= Data for analysis =
◇ ◇ ◇ ◇
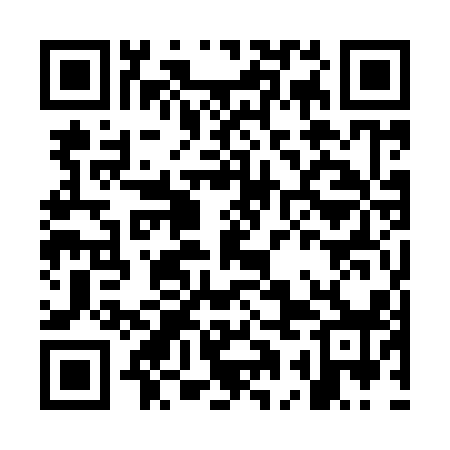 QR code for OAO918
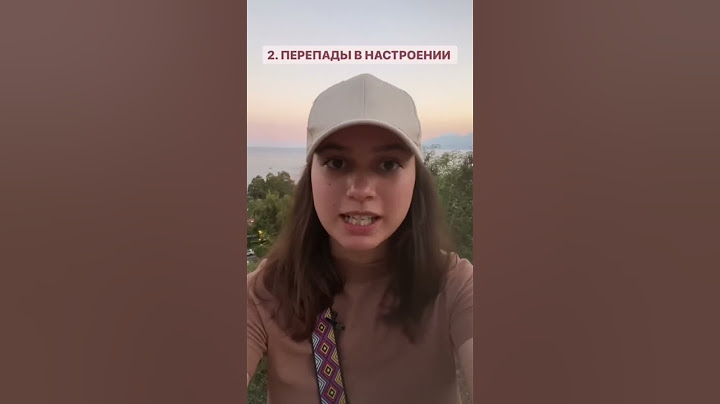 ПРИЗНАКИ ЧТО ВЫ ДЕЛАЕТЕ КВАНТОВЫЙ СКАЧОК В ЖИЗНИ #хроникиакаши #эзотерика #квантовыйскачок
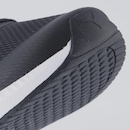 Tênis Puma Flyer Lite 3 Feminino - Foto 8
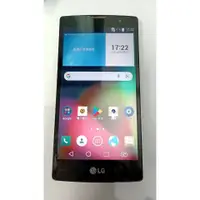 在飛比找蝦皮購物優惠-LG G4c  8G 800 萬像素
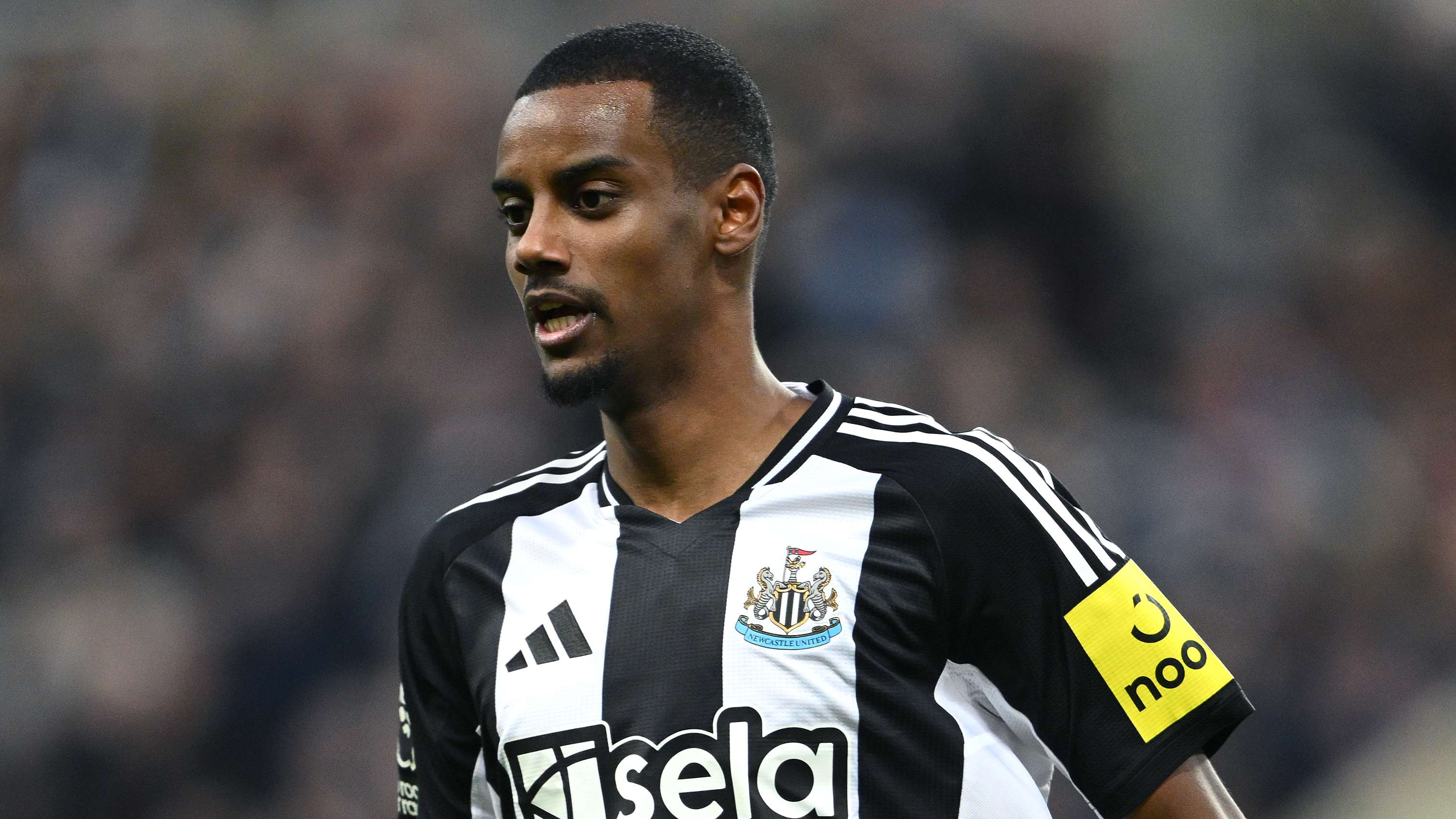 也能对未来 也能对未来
◇ ◇ ◇ ◇
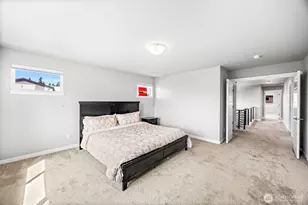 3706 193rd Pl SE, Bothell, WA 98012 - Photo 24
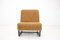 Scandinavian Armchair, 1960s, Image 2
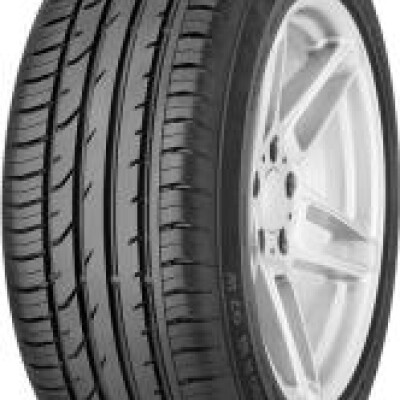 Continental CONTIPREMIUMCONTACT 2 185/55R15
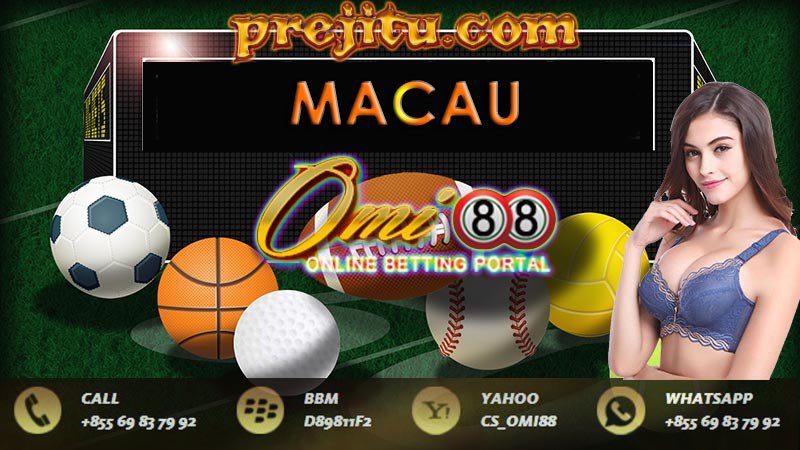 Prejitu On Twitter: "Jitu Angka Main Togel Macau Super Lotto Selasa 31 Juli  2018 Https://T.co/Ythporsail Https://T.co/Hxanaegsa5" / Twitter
◇ ◇ ◇ ◇
= Task prompt =
Of all the material above, only the lines from the one that has "ПРИЗНАКИ ЧТО ВЫ" down to the one that has "也能对未来 也能对未来" are to be written out, exactly and with both ends included. Pictures are skipped.

= Solution for this exercise =
 ПРИЗНАКИ ЧТО ВЫ ДЕЛАЕТЕ КВАНТОВЫЙ СКАЧОК В ЖИЗНИ #хроникиакаши #эзотерика #квантовыйскачок
 Tênis Puma Flyer Lite 3 Feminino - Foto 8
 在飛比找蝦皮購物優惠-LG G4c  8G 800 萬像素
 也能对未来 也能对未来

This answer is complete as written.